(Assignment): Copy the listing in full and exactly, omitting its images.

(Information provided):
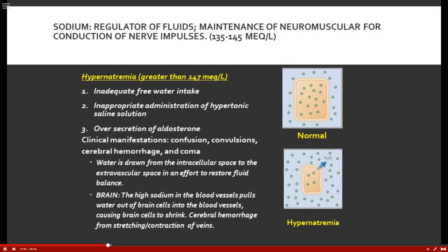As cerebral cells start to shrink, cerebral hemorrhage can occur because the stretching and contraction of those cells causes micro-hemorrhages. This is particularly seen with accidental administration of 5% normal saline, where you can see coma and possibly death.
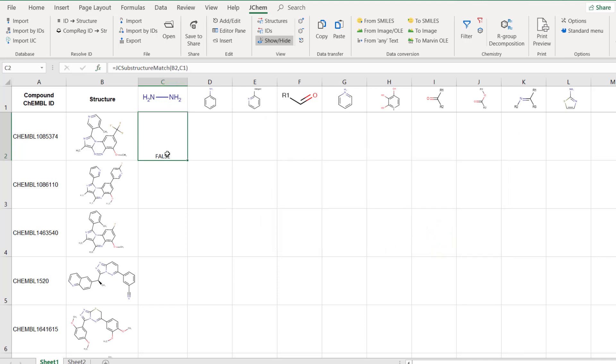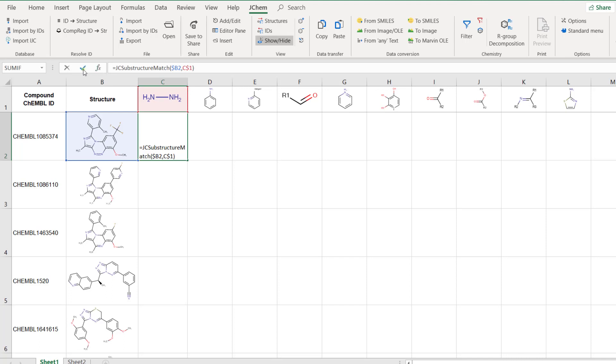But before copying it to adjacent cells, fix the column for the target and the row for the query by adding dollar signs to the formula. Now smart copy it to the remaining cells.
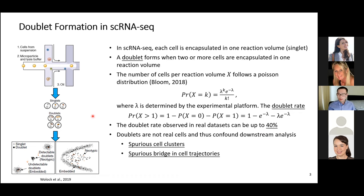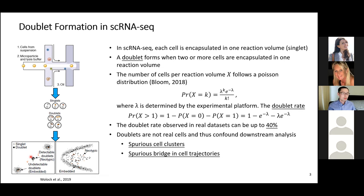High doublet rates can confound or bias your downstream analysis because they introduce artificial gene expression in your cells. For example, this figure illustrates the bias in downstream cell clustering analysis. Say the biological sample actually has two clusters, but due to the existence of doublets you observe a third cluster containing all the doublets — because doublets contain a combination of gene expression from two cells, giving them unique gene expression. You would falsely believe the sample includes three classes rather than two.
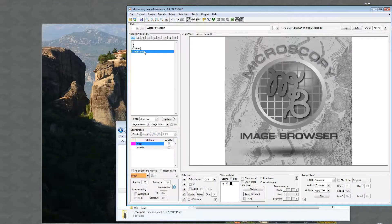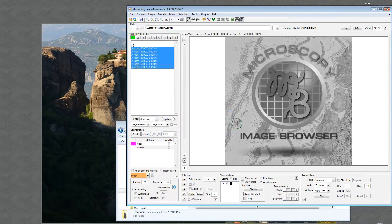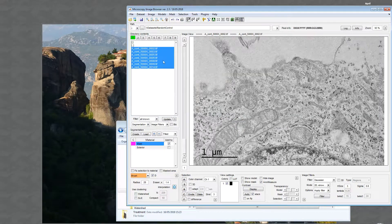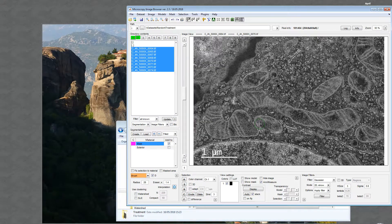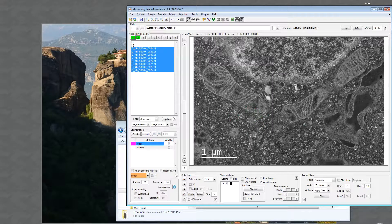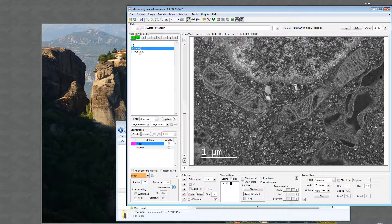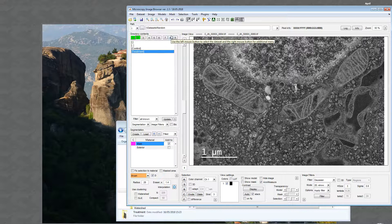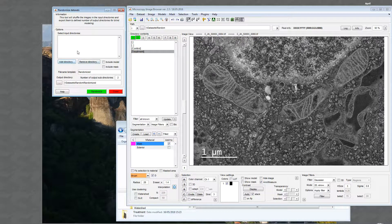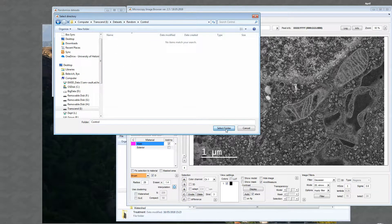This is the control cell — normal transmission electron microscopy images — and the treatment cells are similar images but inverted, so we can clearly see the difference when evaluating the results of the shuffling process. To start, go into the folder where you can see both directories, then go to File > Randomize Files > Randomize.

(Answer box):
As cerebral cells start to shrink, cerebral hemorrhage can occur because the stretching and contraction of those cells causes micro-hemorrhages. This is particularly seen with accidental administration of 5% normal saline, where you can see coma and possibly death.
But before copying it to adjacent cells, fix the column for the target and the row for the query by adding dollar signs to the formula. Now smart copy it to the remaining cells.
High doublet rates can confound or bias your downstream analysis because they introduce artificial gene expression in your cells. For example, this figure illustrates the bias in downstream cell clustering analysis. Say the biological sample actually has two clusters, but due to the existence of doublets you observe a third cluster containing all the doublets — because doublets contain a combination of gene expression from two cells, giving them unique gene expression. You would falsely believe the sample includes three classes rather than two.
This is the control cell — normal transmission electron microscopy images — and the treatment cells are similar images but inverted, so we can clearly see the difference when evaluating the results of the shuffling process. To start, go into the folder where you can see both directories, then go to File > Randomize Files > Randomize.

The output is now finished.